Parse a C++14 integer literal
x86 (32-bit) machine code, 59 57 bytes
This function takes esi
as a pointer to a null-terminated string and returns the value in edx
. (Listing below is GAS input in AT&T syntax.)
.globl parse_cxx14_int
.text
parse_cxx14_int:
push $10
pop %ecx # store 10 as base
xor %eax,%eax # initialize high bits of digit reader
cdq # also initialize result accumulator edx to 0
lodsb # fetch first character
cmp $'0', %al
jne .Lparseloop2
lodsb
and $~32, %al # uppercase letters (and as side effect,
# digits are translated to N+16)
jz .Lend # "0" string
cmp $'B', %al # after '0' have either digit, apostrophe,
# 'b'/'B' or 'x'/'X'
je .Lbin
jg .Lhex
dec %ecx
dec %ecx # update base to 8
jmp .Lprocessdigit # process octal digit that we just read (or
# skip ' if that is what we just read)
.Lbin:
sub $14, %ecx # with below will update base to 2
.Lhex:
add $6, %ecx # update base to 16
.Lparseloop:
lodsb # fetch next character
.Lparseloop2:
and $~32, %al # uppercase letters (and as side effect,
# digits are translated to N+16)
jz .Lend
.Lprocessdigit:
cmp $7, %al # skip ' (ASCII 39 which would have been
# translated to 7 above)
je .Lparseloop
test $64, %al # distinguish letters and numbers
jz .Lnum
sub $39, %al # with below will subtract 55 so e.g. 'A'==65
# will become 10
.Lnum:
sub $16, %al # translate digits to numerical value
imul %ecx, %edx
# movzbl %al, %eax
add %eax, %edx # accum = accum * base + newdigit
jmp .Lparseloop
.Lend:
ret
And a disassembly with byte counts - in Intel format this time, in case you prefer that one.

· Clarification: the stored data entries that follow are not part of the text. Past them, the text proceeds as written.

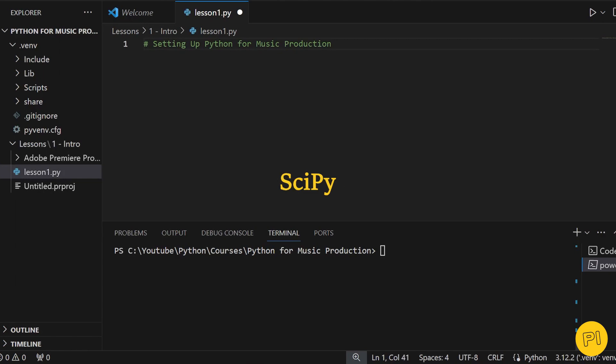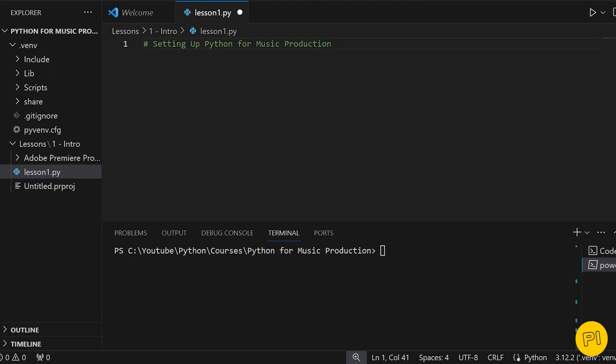NumPy, SciPy, and Matplotlib. NumPy, short for Numerical Python, is great for handling arrays and matrices, which are essential in audio processing.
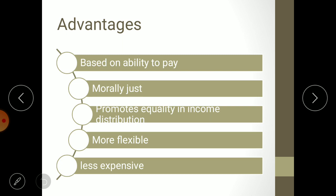The second advantage is that progressive tax is morally just. This means the system is ethical and beneficial for both parties — the taxpayer (citizen) and the tax collector (government). From the government's viewpoint, it can collect resources as per requirement. From the population's viewpoint, they are not paying so much that it feels burdensome.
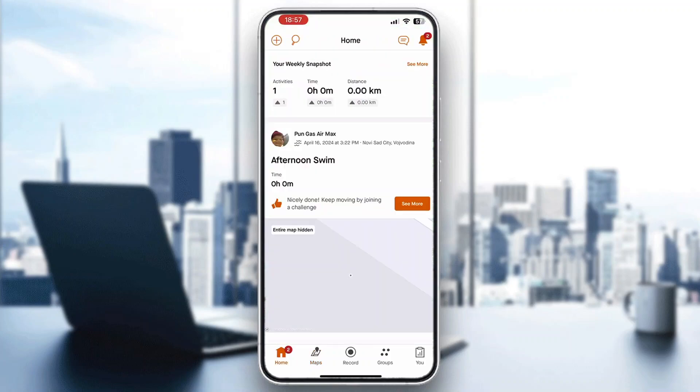That's basically it for how to find routes on Strava. I hope this video was helpful. If it was, make sure to leave a like and subscribe to the channel. Thanks for watching, take care, and bye.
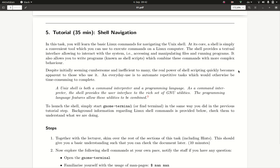In our next tutorial, we talk a little bit about shell navigation with Linux. First of all, what is the Unix shell or this terminal that we have opened already?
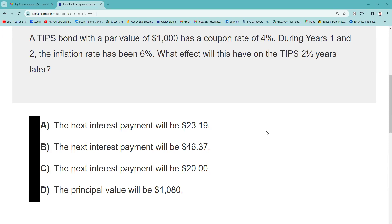So it's a TIPS bond with a par value of $1,000 and a coupon rate of 4%. A major mistake many test takers make is thinking the coupon changes — it doesn't. Four percent on $1,000 is $40 in annual interest, paid semi-annually, so that's $20 every six months. During years one and two, the inflation rate is 6%, and the U.S. Treasury has agreed to adjust the principal by that inflation rate. For suitability purposes, this is a great recommendation for someone who wants to keep pace with inflation.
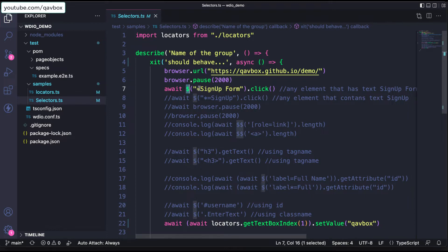Today we are going to see browser.findElements, which is the double dollar sign, and we will see how we can utilize this double dollar to fetch multiple web elements or a collection of web elements, how to loop through them, and how to handle them individually one by one.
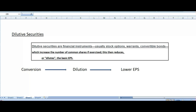In the future, that person can convert that loan into ownership. This is how companies make their financial instruments more attractive to the investor. Investors get attracted to the instrument and they start investing in the firm. This is why firms issue dilutive security.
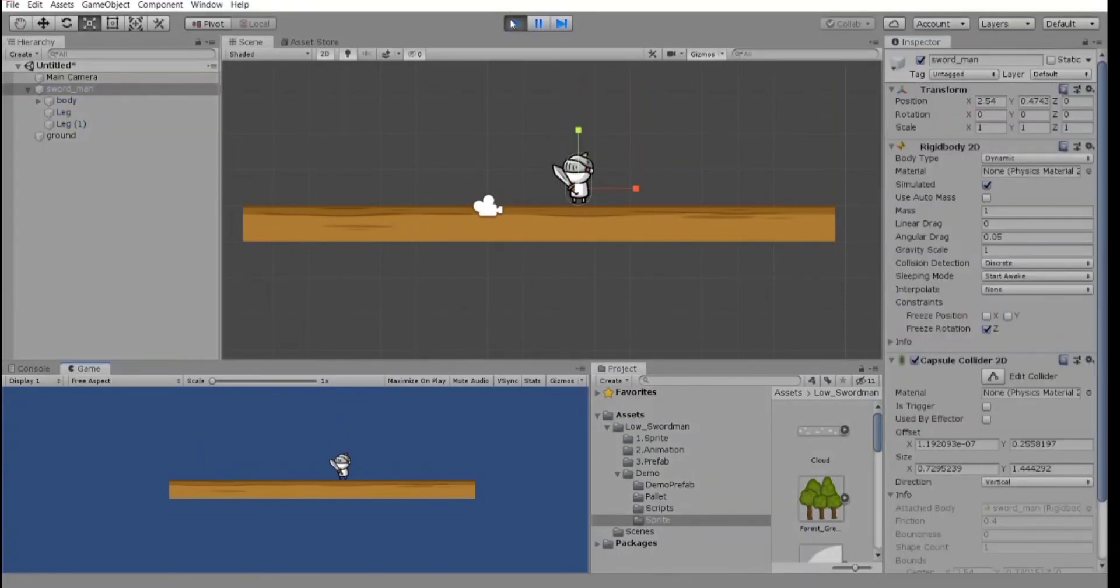Hey, we have our character placing on the ground. Isn't it amazing? Let's go to the next lesson.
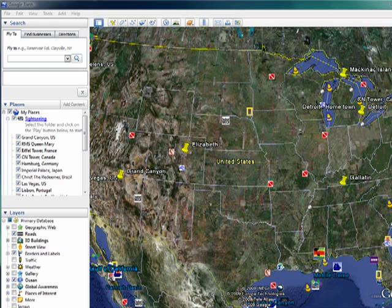Hi, this is Mike Callahan, Dr. File Finder, and welcome to your Butterscotch.com tutorial on how to use the flight simulator in Google Earth.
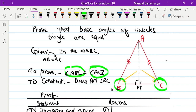We get triangle ABM and triangle ACM. The point M is the foot of the perpendicular on BC, giving us two triangles: triangle ABM and triangle ACM.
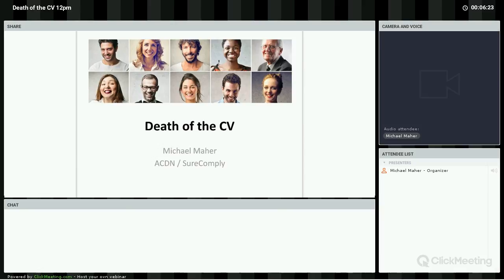My name is Michael Maher, I'm from ACDN. ACDN provides a workforce management platform in the aged community and disability space, as well as outside of aged care under the brand SureComply.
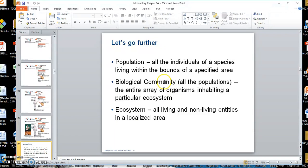A population is a group of organisms of the same species in an area — for example, all the homo sapiens in the Kingwood area would be a population. If we took all the living populations together — butterflies, horses, everything — that's what we call a biological community. And if we take everything, both the living and non-living, that's what we call an ecosystem.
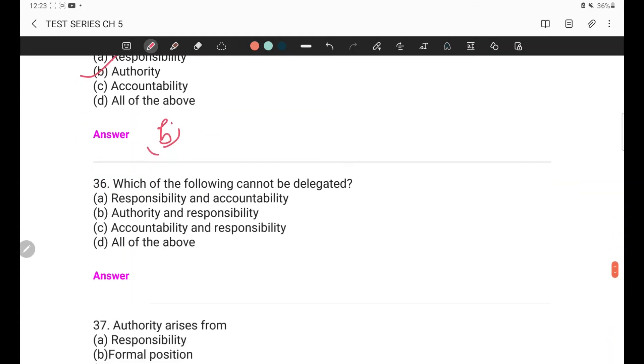Question 36: Which of the following cannot be delegated? Options: A) Responsibility and accountability, B) Authority and responsibility, C) Accountability and responsibility. Students, there are some mistakes in option A and option C, but the correct answer is C option — accountability and responsibility cannot be delegated.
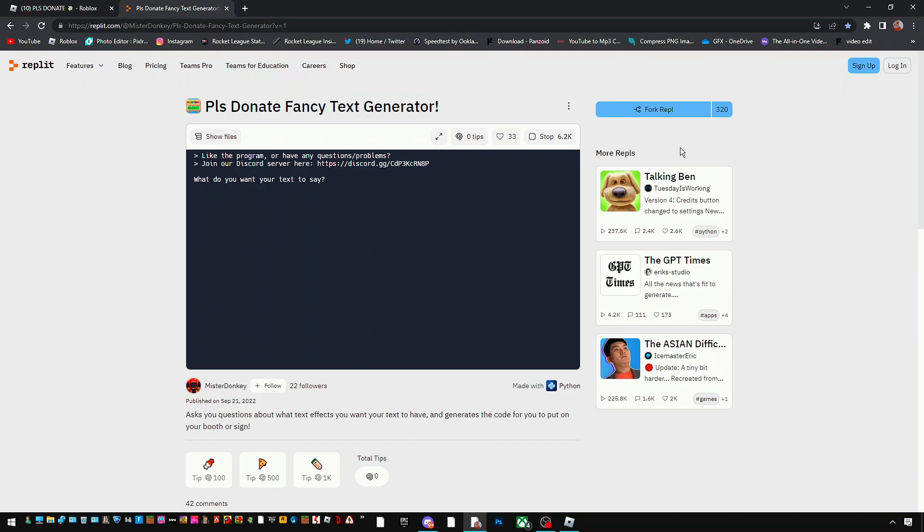Okay, now once you guys are prompted with what do you want your text to say, we want it to say anything you guys want it to say. So I'm gonna say donate for good luck.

Disassembly of section .text:
00000000 <parse_cxx14_int>:
0: 6a 0a push 0xa
2: 59 pop ecx
3: 31 c0 xor eax,eax
5: 99 cdq
6: ac lods al,BYTE PTR ds:[esi]
7: 3c 30 cmp al,0x30
9: 75 16 jne 21 <parse_cxx14_int+0x21>
b: ac lods al,BYTE PTR ds:[esi]
c: 24 df and al,0xdf
e: 74 28 je 38 <parse_cxx14_int+0x38>
10: 3c 42 cmp al,0x42
12: 74 06 je 1a <parse_cxx14_int+0x1a>
14: 7f 07 jg 1d <parse_cxx14_int+0x1d>
16: 49 dec ecx
17: 49 dec ecx
18: eb 0b jmp 25 <parse_cxx14_int+0x25>
1a: 83 e9 0e sub ecx,0xe
1d: 83 c1 06 add ecx,0x6
20: ac lods al,BYTE PTR ds:[esi]
21: 24 df and al,0xdf
23: 74 13 je 38 <parse_cxx14_int+0x38>
25: 3c 07 cmp al,0x7
27: 74 f7 je 20 <parse_cxx14_int+0x20>
29: a8 40 test al,0x40
2b: 74 02 je 2f <parse_cxx14_int+0x2f>
2d: 2c 27 sub al,0x27
2f: 2c 10 sub al,0x10
31: 0f af d1 imul edx,ecx
34: 01 c2 add edx,eax
36: eb e8 jmp 20 <parse_cxx14_int+0x20>
38: c3 ret
And in case you want to try it, here is the C++ test driver code that I linked with it (including the calling convention specification in GCC asm syntax):
#include <cstdio>
#include <string>
#include <iostream>
inline int parse_cxx14_int_wrap(const char *s) {
int result;
const char* end;
__asm__("call parse_cxx14_int" :
"=d"(result), "=S"(end) :
"1"(s) :
"eax", "ecx", "cc");
return result;
}
int main(int argc, char* argv[]) {
std::string s;
while (std::getline(std::cin, s))
std::printf("%-16s -> %d\n", s.c_str(), parse_cxx14_int_wrap(s.c_str()));
return 0;
}
-1 byte due to comment by Peter Cordes
-1 byte from updating to use two decrements to change 10 to 8
JavaScript (Babel Node), 26 bytes
lol x2
_=>eval(_.split`'`.join``)
Try it online!
C++ (gcc), 141 138 134 120 bytes
This is a function that takes an array of characters (specified as a pair of pointers to the start and end - using the pair of iterators idiom) and returns the number. Note that the function mutates the input array.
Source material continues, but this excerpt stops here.